Items listed in a dataset:
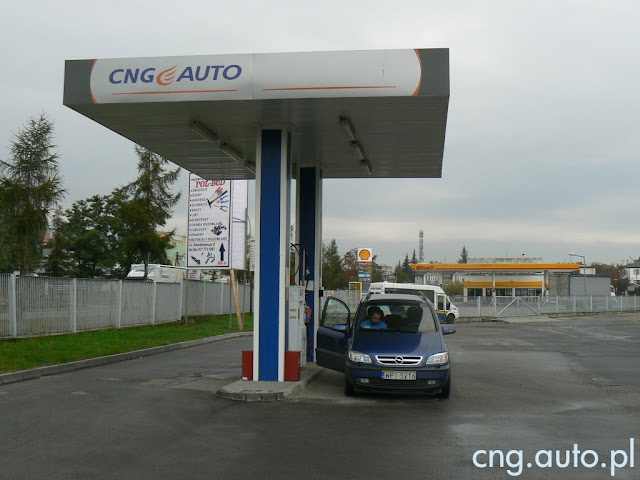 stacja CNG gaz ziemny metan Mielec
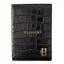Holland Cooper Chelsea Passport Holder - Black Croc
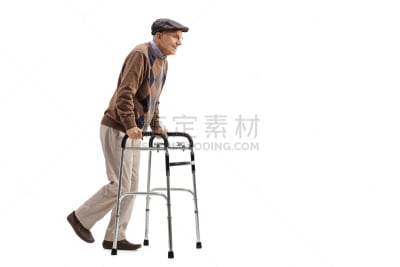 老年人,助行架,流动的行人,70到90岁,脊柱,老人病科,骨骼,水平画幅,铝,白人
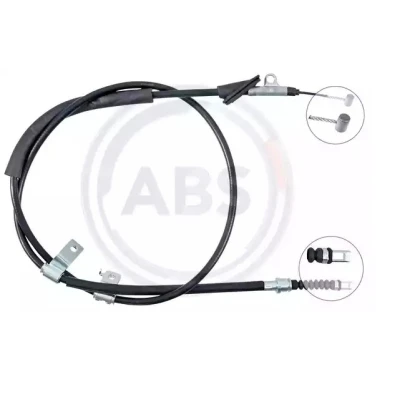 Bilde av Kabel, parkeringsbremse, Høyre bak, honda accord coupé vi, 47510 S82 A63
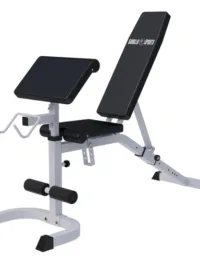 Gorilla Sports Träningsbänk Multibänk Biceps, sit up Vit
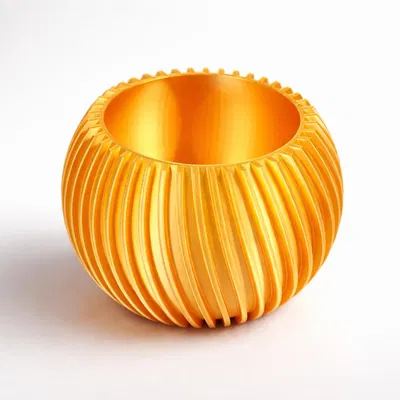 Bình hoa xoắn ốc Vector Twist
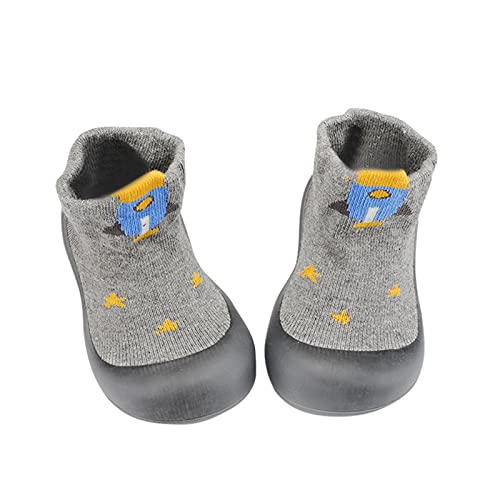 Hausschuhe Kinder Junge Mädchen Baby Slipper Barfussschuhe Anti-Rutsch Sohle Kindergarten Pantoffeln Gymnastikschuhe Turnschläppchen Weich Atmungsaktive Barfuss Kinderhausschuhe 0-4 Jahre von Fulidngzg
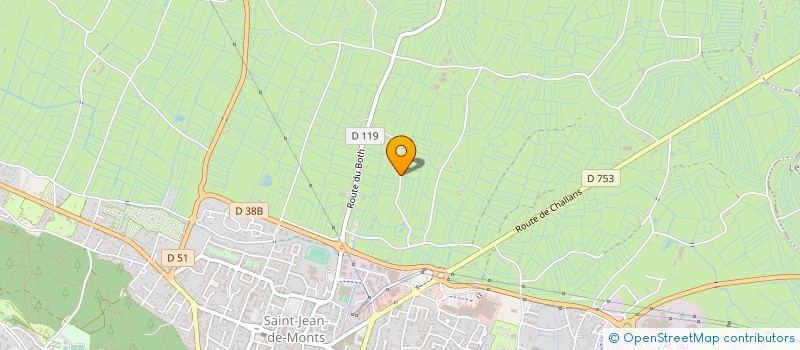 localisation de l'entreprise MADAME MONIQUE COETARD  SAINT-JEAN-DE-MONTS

**DIRECTIONS FOR THIS TASK**
Could you restate each record word for word, keeping the pictures out?

**RESPONSE BOX**
 stacja CNG gaz ziemny metan Mielec
Holland Cooper Chelsea Passport Holder - Black Croc
 老年人,助行架,流动的行人,70到90岁,脊柱,老人病科,骨骼,水平画幅,铝,白人
 Bilde av Kabel, parkeringsbremse, Høyre bak, honda accord coupé vi, 47510 S82 A63
 Gorilla Sports Träningsbänk Multibänk Biceps, sit up Vit
 Bình hoa xoắn ốc Vector Twist
 Hausschuhe Kinder Junge Mädchen Baby Slipper Barfussschuhe Anti-Rutsch Sohle Kindergarten Pantoffeln Gymnastikschuhe Turnschläppchen Weich Atmungsaktive Barfuss Kinderhausschuhe 0-4 Jahre von Fulidngzg
 localisation de l'entreprise MADAME MONIQUE COETARD  SAINT-JEAN-DE-MONTS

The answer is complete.